Chronique / Le coup du proverbe chinois
Non, le sérieux n'est pas toujours là où l'on croit. Cette chronique d'Anna Lietti paraît tous les mois dans 24heures. Excepté le dessin de Pascal Parrone, en exclusivité pour Bon pour la tête.
L’horreur est humaine, disait Coluche. Le mauvais goût aussi. Pour saluer le coup diplomatico-médiatique réussi par son président de père à Singapour, Ivanka Trump nous refait le coup du proverbe chinois bidon. Elle tweete un truc pour dire, en substance, que les mauviettes étreintes par le doute doivent se la coincer et laisser faire les vrais mecs, ceux qui agissent.
Il y a quatre ans, elle nous gratifiait d’une pseudo citation de Confucius, affirmant que la clé du bonheur réside dans le choix de son travail. C’est bien connu: dans la société chinoise du 5e siècle avant J.-C., les sujets du prince avaient le libre choix de leur orientation professionnelle et la mobilité sociale était garantie. C’est minable, Ivanka. Pour bien mentir, il faut réfléchir. (An-Li)

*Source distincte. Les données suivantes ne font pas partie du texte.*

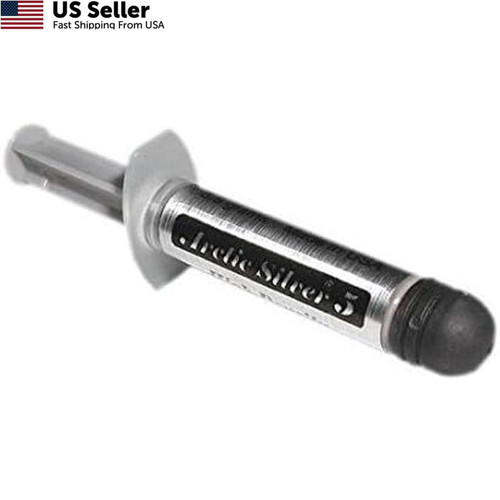 Arctic Silver 5 AS5-3.5G Thermal Paste,Black, Grey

Mais laissons là la fille du président étasunien et voyons en quoi cet épisode peut nous rendre plus sages. Les faux proverbes, c’est un vieux truc, très prisé des princes de l’humour. Sur mon podium perso, la médaille d’or va à Pierre Desproges – Noël au scanner, Pâques au cimetière – talonné par Coluche – Plus il y a de fous, moins il y a de riz.

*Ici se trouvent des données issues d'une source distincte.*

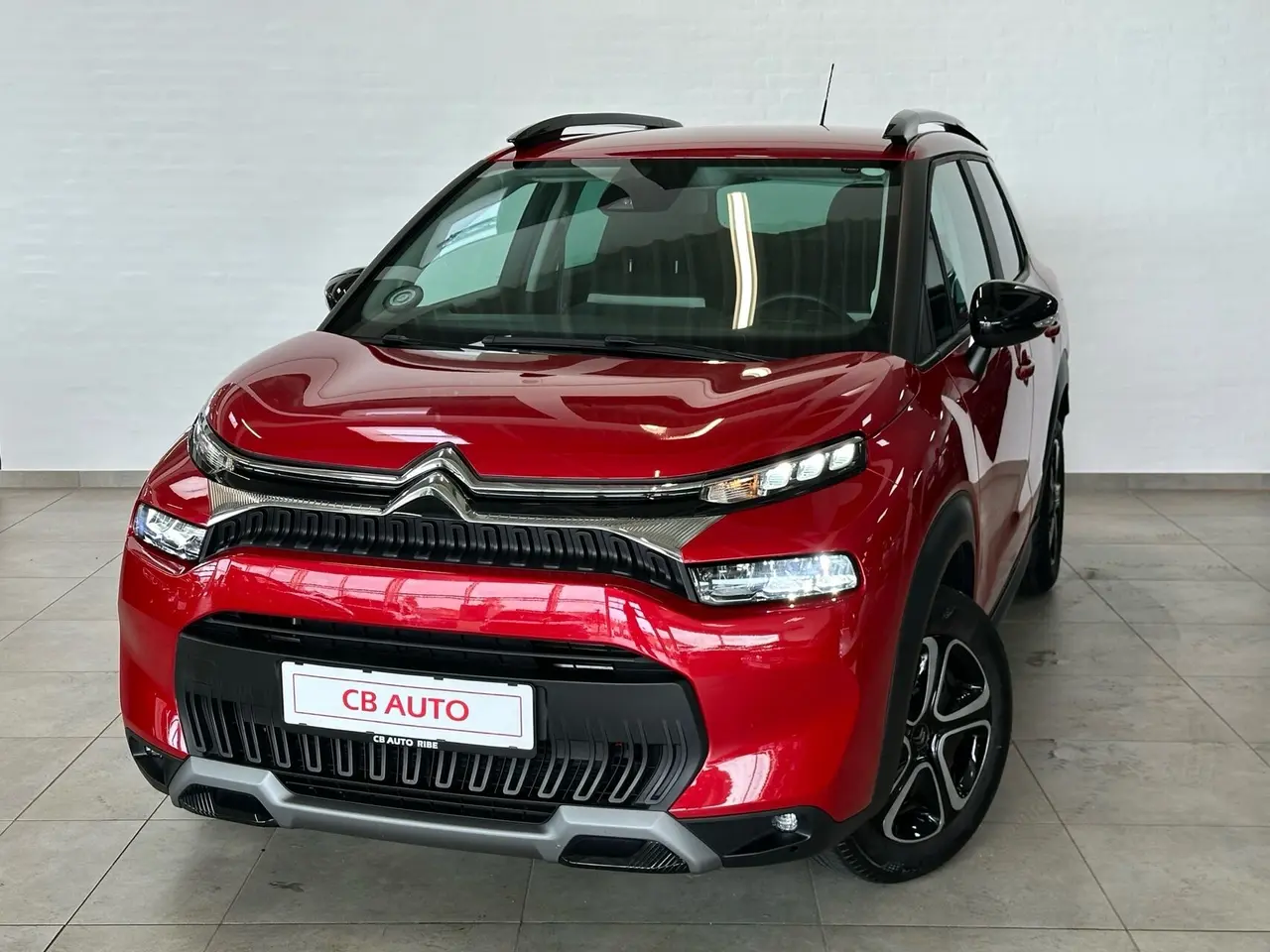 Billede 1 - Citroën C3 Aircross 1,2 PureTech Feel 110HK 5d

Mais avec la sage phrase bidon qui se fait passer pour vraie, on change de catégorie: on est dans la pollution informative ordinaire. Alimentée, en l’occurrence, par notre fascination béate pour tout ce qui relève, de près ou de loin, de la spiritualité extrême-orientale: à y bien réfléchir, le proverbe chinois, bref comme un tweet, flou comme une effluve d’encens, est un fétiche virtuel idéal pour Occidental fragilisé.
Le proverbe chinois en toc, je veux dire? Haha! Mais comment savoir, dans la masse des inspirantes phrases en circulation, laquelle est authentique? Ce n’est sûrement pas Ivanka qui a commencé à verser de l’eau de vaisselle dans la source pure de la sagesse chinoise en ligne, la chasse au fake proverbe est ouverte, la suspicion pèse désormais sur le corpus tout entier.
Finalement, j’aime bien cette idée: ça va nous obliger à réfléchir avant de gober tout cru le premier proverbe chinois venu. Parce que, même s’il est authentique, on peut ne pas être d’accord avec. Prenez celui-ci: Quand le sage montre la lune, l’idiot regarde le doigt. C’est beau, d’accord, mais encore? Regarder le doigt, n’est-ce pas se préoccuper de savoir qui émet le message? Par exemple, au hasard, Ivanka ou Confucius?
Bon, allez, une dernière pour la route: Où le sage voit du vide, l’idiot voit du profond. Et vice versa. (Anonyme facétieux)
VOS RÉACTIONS SUR LE SUJET
2 Commentaires
@gwperrin 18.06.2018 | 13h03
«A quand l'édition l'édition complète des proverbes d'An-Li? Pas besoin d'en rajouter beaucoup: les deux réversibles m'occupent l'esprit, émoustillé pourtant par la perspective de renverser le premier cité: faudrait-il mentir pour bien réfléchir? bien mentir pour réfléchir?
Pauvre pub, combien d'esprit disponible BPLT va t-il lui laisser? (Geo-Pe)»
@do 21.06.2018 | 10h26
«Je peux enfin me connecter à bon pour la tête et quel plaisir de retrouver l'humour d'Anna Lietti.»